Baccarat - start on 1 and win on 1

Just wondering what is the odds of starting with a score of 1 and staying on 1 and winning.

Some simulations I've done before show:
P(banker wins with score of 1)= .00495
P(player wins with score of 1)= .00488

And quick calculation shows:
P(score of 1 after two cards)=.09467

This isn't the exact answer but 0.00495*0.09467=0.000468639 (1 in 2,134) and 0.00488*0.09467=0.000462012 (1 in 2,164) should be close.

So if I make a side wager to do just that and it pays 100-1. House edge be 21% ?
Thx for the quick response

Quote: Deal2422

Just wondering what is the odds of starting with a score of 1 and staying on 1 and winning.

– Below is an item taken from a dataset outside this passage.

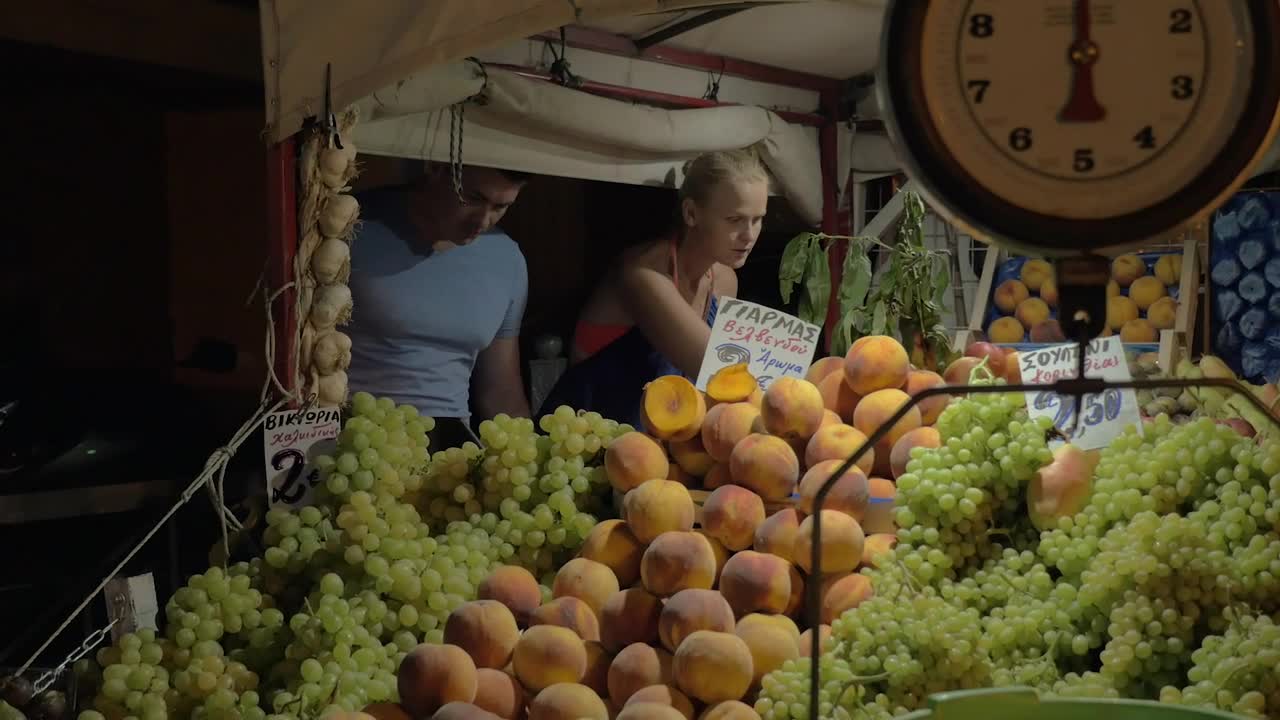 Video Stock Choosing Vegetables At A Market Live Wallpaper For PC - Free Download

How do you "stay on one"? Do you mean that the player's dealt hand is worth 1, the player's third card was a 10/face, and the bank ended with a zero?

Quote: Deal2422

So if I make a side wager to do just that and it pays 100-1. House edge be 21% ?
Thx for the quick response

Not sure where you get that number from. Assuming Theo's numbers are correct, HE is around 50%:


Banker P Payout EV
win 0,00495 101 0,49995
loss 0,99505 -1 -0,99505
-HE -0,4951


Player P Payout EV
win 0,00488 101 0,49288
loss 0,99512 -1 -0,99512
-HE -0,50224

Quote: Deal2422

Just wondering what is the odds of starting with a score of 1 and staying on 1 and winning.

Me don't savvy.

In Baccarat you have to put your bet down before they draw any cards... once its down... the game proceeds irrespective of initial or subsequent scores until the hand is over.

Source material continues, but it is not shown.